By supplying an RTD with a constant current and measuring the resulting voltage drop across the resistor, the RTD’s resistance can be calculated and the temperature can be determined.

The variation of resistance R with temperature T is given by,

$R = R_0 ( \alpha_ 1 + \alpha_1T + \alpha_ 2T_2+…..+ \alpha_ nT_n)$

Where R0 is resistance at temperature T = 0, and $\alpha_1$,$\alpha_2$,.. $\alpha_n$ are constants.

• For narrow temperature range generally following relation is used,

$R =R_0 (1 + \alpha T)$

Where $\alpha$ is resistance temperature coefficient in /˚C

$\alpha$= 0.00392 Ω/Ω/˚C for Platinum at -240 to 650˚C

• Different materials used in the construction of RTDs offer a different relationship between resistance and temperature.

• Temperature sensitive materials used in the construction of RTDs include platinum, nickel, and copper, platinum being the most commonly used.

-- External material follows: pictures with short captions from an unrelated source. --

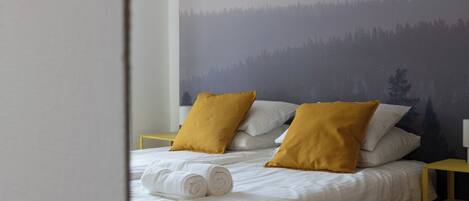 New World Apartment Number 1 | Laptop workspace, iron/ironing board, free WiFi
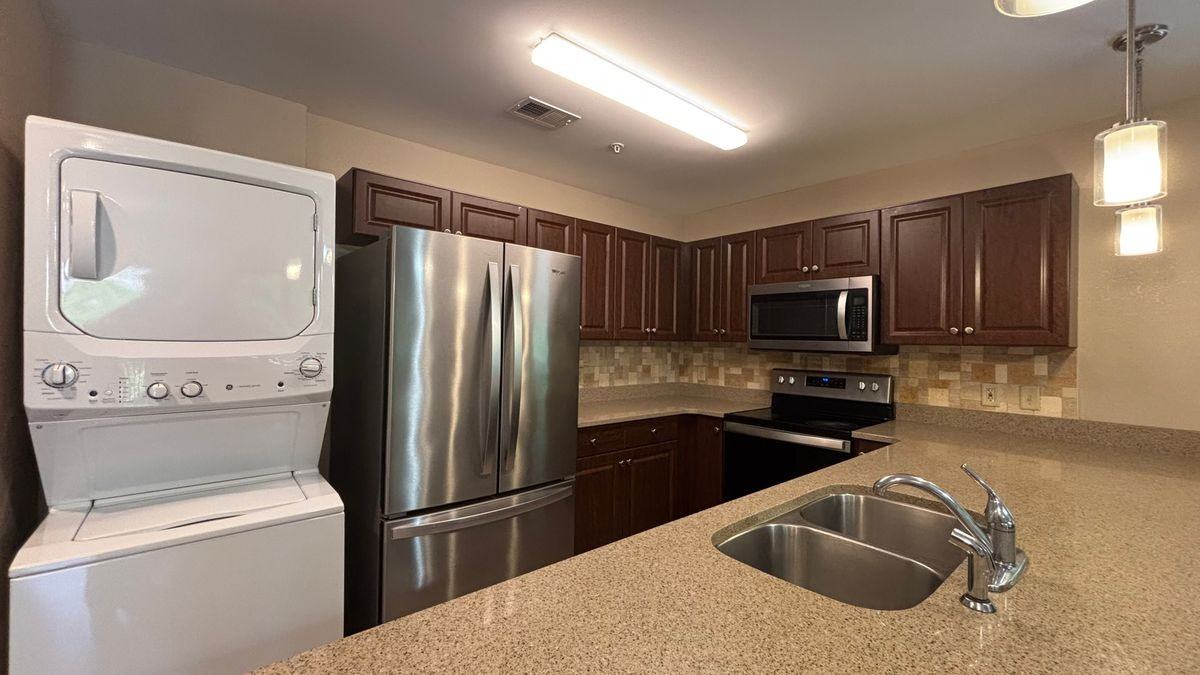 121 Village Dr ##A2 - Photo 4 of 9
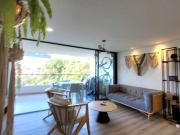 APARTAMENTO EN ENVIGADO LOMA DE LAS BRUJAS AMPLIO BALCÓN
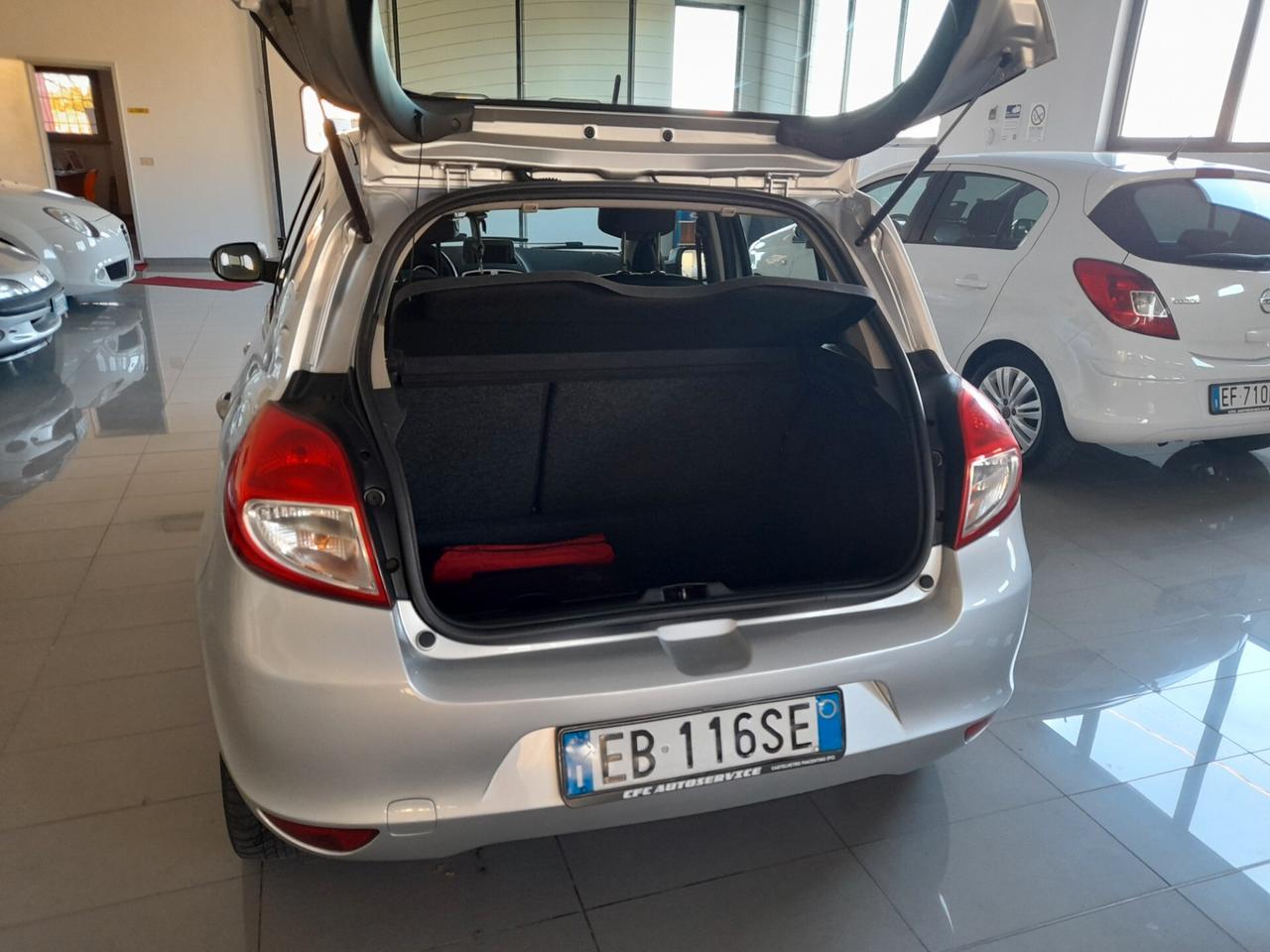 Renault Clio 1.2 16V 5 porte Dynamique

• These metals are best suited for RTD applications because of their linear resistance-temperature characteristics (as shown in the figure), their high coefficient of resistance, and their ability to withstand repeated temperature cycles.

• The coefficient of resistance is the change in resistance per degree change in temperature, usually expressed as a percentage per degree of temperature.

• The material used must be capable of being drawn into fine wire so that the element can be easily constructed.

• Construction and Working of RTD

• RTD sensing elements come in two basic styles, wire wound and film.

• Wire wound elements contain a length of very small diameter wire (typically .0008 to .0015 inch diameter) which is either wound into a coil and packaged inside a ceramic mandrel, or wound around the outside of a ceramic housing and coated with an insulating material.

• Larger lead wires (typically 0.008 to 0.015 inch diameter) are provided which allow the larger extension wires to be connected to the very small element wire.

Film type sensing elements are made from a metal substrate which has a resistance pattern cut into it.

This pattern acts as a long, flat, skinny conductor, which provides the electrical resistance.

Lead wires are bonded to the metal coated substrate and are held in place using a bead of epoxy or glass.

• Advantages

• RTDs are most accurate temperature sensors. They provide very accurate measurements even over comparatively narrow temperature range.

• Stability and repeatability is excellent.

• RTDs provide immunization against electrical noise. Therefore, they are considered ideal for temperature measurements in industrial environments. For example, around motors, generators and other high voltage equipment etc.

• RTDs are very simple to recalibrate and installation is easy.

• It has linear characteristics and has high sensitivity.

• Disadvantages

• Their overall temperature range is very small.

• Their application involves high initial cost.

• They are not rugged enough to be used in high vibration environments.